What is required
For the records below, print the lines from the line with "Синя абстрактна декоративни" through the line with "Traueranzeige von Edgar" exactly as written; include both end lines and exclude the rest.

Provided entries
........
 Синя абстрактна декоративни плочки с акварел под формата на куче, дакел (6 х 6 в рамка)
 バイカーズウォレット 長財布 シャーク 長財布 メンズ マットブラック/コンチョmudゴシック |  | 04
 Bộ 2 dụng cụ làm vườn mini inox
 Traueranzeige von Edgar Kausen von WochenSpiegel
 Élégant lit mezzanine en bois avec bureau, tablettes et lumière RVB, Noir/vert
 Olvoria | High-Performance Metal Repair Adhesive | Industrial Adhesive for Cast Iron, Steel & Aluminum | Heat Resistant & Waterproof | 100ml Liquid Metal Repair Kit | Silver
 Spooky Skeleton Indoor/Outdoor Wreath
........
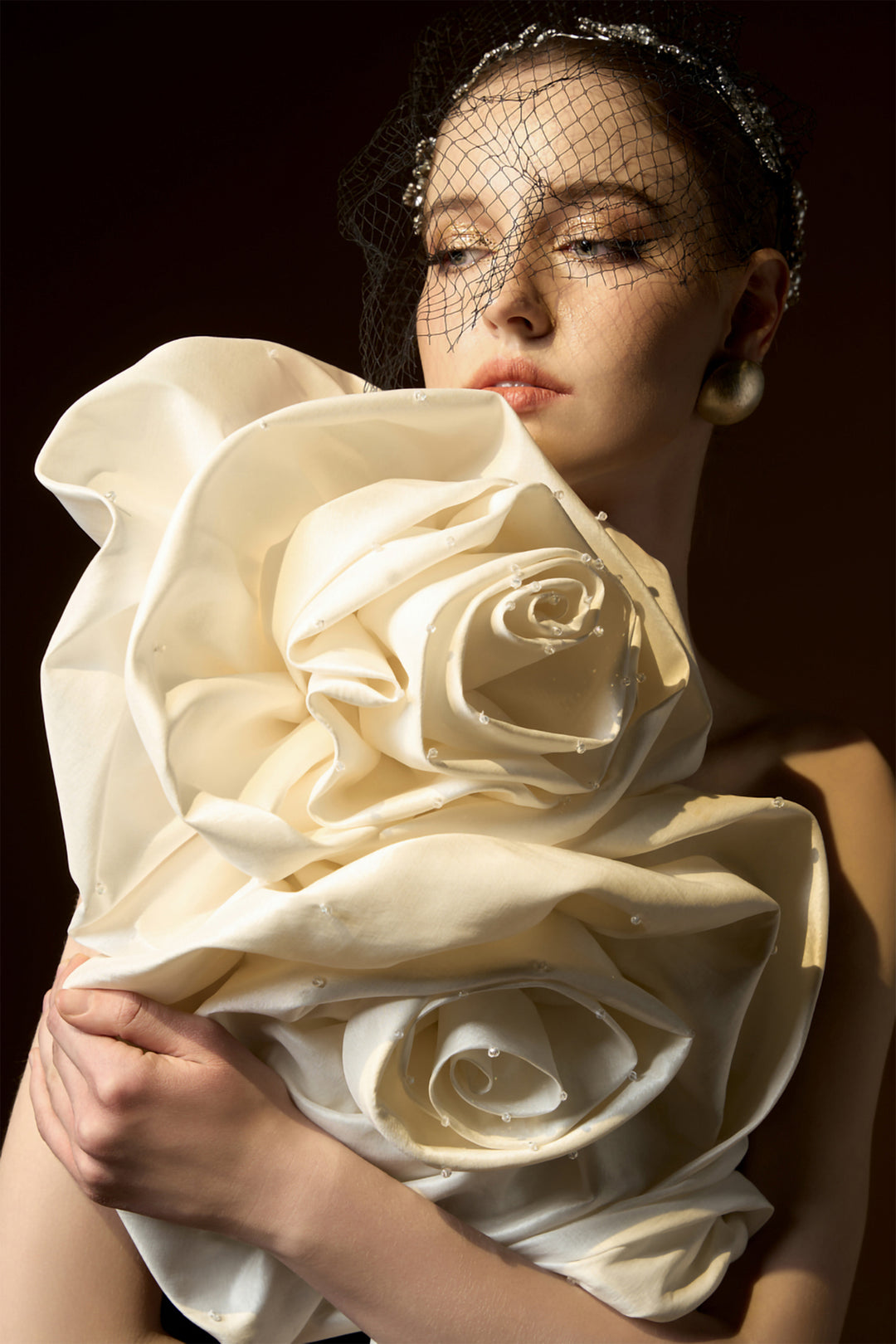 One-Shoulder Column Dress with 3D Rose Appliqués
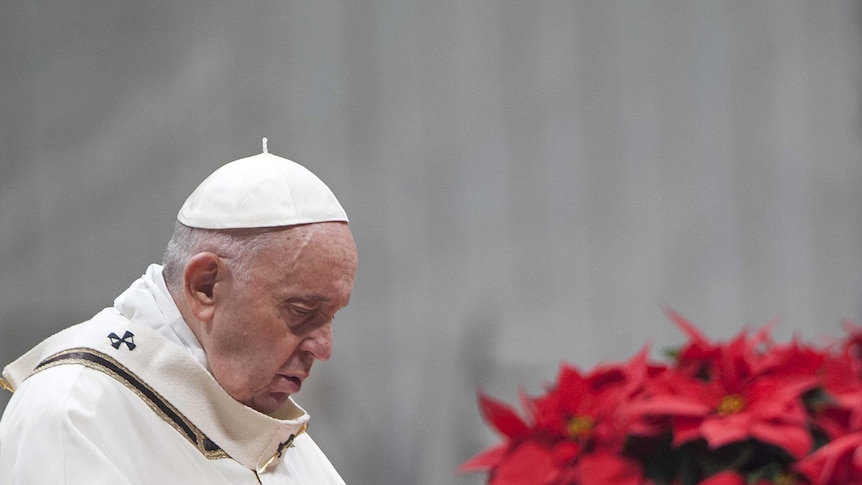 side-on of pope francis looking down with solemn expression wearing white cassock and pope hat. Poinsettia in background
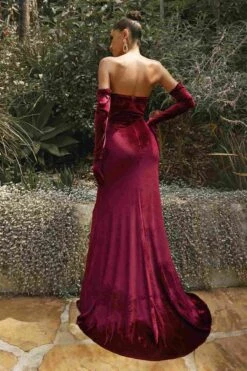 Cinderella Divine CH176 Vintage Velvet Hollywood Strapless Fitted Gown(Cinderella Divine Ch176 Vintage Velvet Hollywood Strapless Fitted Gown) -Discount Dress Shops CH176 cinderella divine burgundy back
........
Finished exercise
 Синя абстрактна декоративни плочки с акварел под формата на куче, дакел (6 х 6 в рамка)
 バイカーズウォレット 長財布 シャーク 長財布 メンズ マットブラック/コンチョmudゴシック |  | 04
 Bộ 2 dụng cụ làm vườn mini inox
 Traueranzeige von Edgar Kausen von WochenSpiegel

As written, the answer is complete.